Hummers to carry shock troops of the zero carbon revolution
The Hummer is an incredible vehicle. Bear with me.
Developed as the High Mobility Multipurpose Wheeled Vehicle (HMMWV, from which we somehow get the name 'Humvee') for the US Army, it is a pretty amazing piece of engineering. It's extremely rugged, highly adaptable, can go pretty much anywhere and does cool stuff like reinflate its tires through the axles. In fact, it's been so successful in replacing the Jeep and other light military vehicles that the American military now employs it in 17 different roles.
But like many things, it is only desirable when used for the purpose for which it was made. Nobody is going to start asking a soldier in Iraq to try and navigate hostile highways in a G-Wiz. It should be a similar mark of delusional insanity to consider the Hummer a suitable suburban vehicle for a trip down to the shops.
Until now. The Wired blog 'Autopia' tells of a firm in Utah that has taken this symbol of all that is environmentally wrong with the internal combustion engine and turned it into a 100mpg-equivalent electric pussycat that's 'greener than a Prius'.

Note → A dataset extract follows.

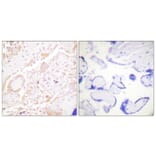 Immunohistochemistry - Anti-GATA3 Antibody (B0933) - Antibodies.com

The rationale is pretty interesting. Most commercially available electric cars are built 'around the battery packs', but with a unit the size of a Hummer there's plenty of space for batteries, engine, generator and motor, plus luggage, people, cattle and other things you conventionally haul around in cars.
As Jim Spellman of Raser Technologies, who built the eco-Hummer, says: 'SUVs [sports utility vehicles] and trucks are the number one selling vehicle in America. Unlike the Prius, which is a mild hybrid vehicle, an eco-friendly SUV will get people's attention.' You can say that again.